SAWG’s vote to delay a revision request (RR642) until SPP completes its load-hosting capacity tool (LHCT) next year, giving applicable transmission owners three months to review the tool’s data. SAWG is working to implement the Holistic Integrated Tariff Teams’ directive to modify Attachment AQ of the tariff so SPP can proactively perform analysis to determine how much load can be accommodated at each node on the system without incremental investment (load hosting capacity assessment). 

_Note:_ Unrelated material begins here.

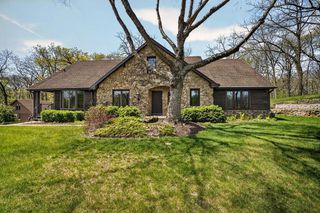 4802 Country Meadows Road, Brooklyn, WI 53521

The Market Working Group’s recommendation (RR638) to remove the exemption for day-ahead reliability unit commitment self-commits. It said the removal will mitigate market manipulation by resources intentionally switching between “self” status and “market” status to increase their make-whole payments and help the market reach a more economical solution with more accurate information. 

MOPC’s consent agenda included SPP’s annual violation relaxation limit analysis; the Project Cost Working Group’s in-service date delay report; the 2025 Integrated Transmission Planning assessment scope; and nine RRs that, if approved by the Board of Directors, would: 

    • RR545: Add language clarifying the objectives and initiation of a high-priority study and provide additional flexibility when developing the scope by removing the requirement to perform economic analysis and expanding on the current requirement to only conform to the ITP Planning Manual’s requirements. 
    • RR630: Add Tri-State Generation and Transmission’s various zones in the Western Interconnection to zones that will be a part of the SPP West Region. 
    • RR641: Clarify that self-committing resources contributing to the make-whole payment distribution volume is not only referring to energy storage resources but to all resource types. 
    • RR644: Remove expired or terminated grandfathered agreements from the list of GFAs and update any termination dates or any changes in buying or selling parties as part of the annual update. 
    • RR645: Update the ITP manual by considering aging infrastructure in transmission planning solutions by accounting for avoided or deferred reliability transmission facilities and aging infrastructure replacement. 
    • RR646: Update the ITP manual’s contingency screening criteria in the constraint assessment from 25% loading to 10% loading for 200-kV and above systems. 
    • RR647: Increase the cap under Schedule 1-A (Recoverable Costs) from $0.465/MWh to $0.515/MWh.  
    • RR648: Remove the regulation-up and regulation-down mileage factors from the applicable mitigated offer calculation and clarify terminology to match the supporting calculation for uncompensated costs for offline uncertainty. 
    • RR649: Add value to the network resource interconnection service (NRIS) product by creating an expedited process for designating new network and designated resources outside of the aggregate transmission service study process. It also would revise the generator interconnection study process for new NRIS requests, define deliverability areas and allow existing resources that meet eligibility requirements to use the expedited process.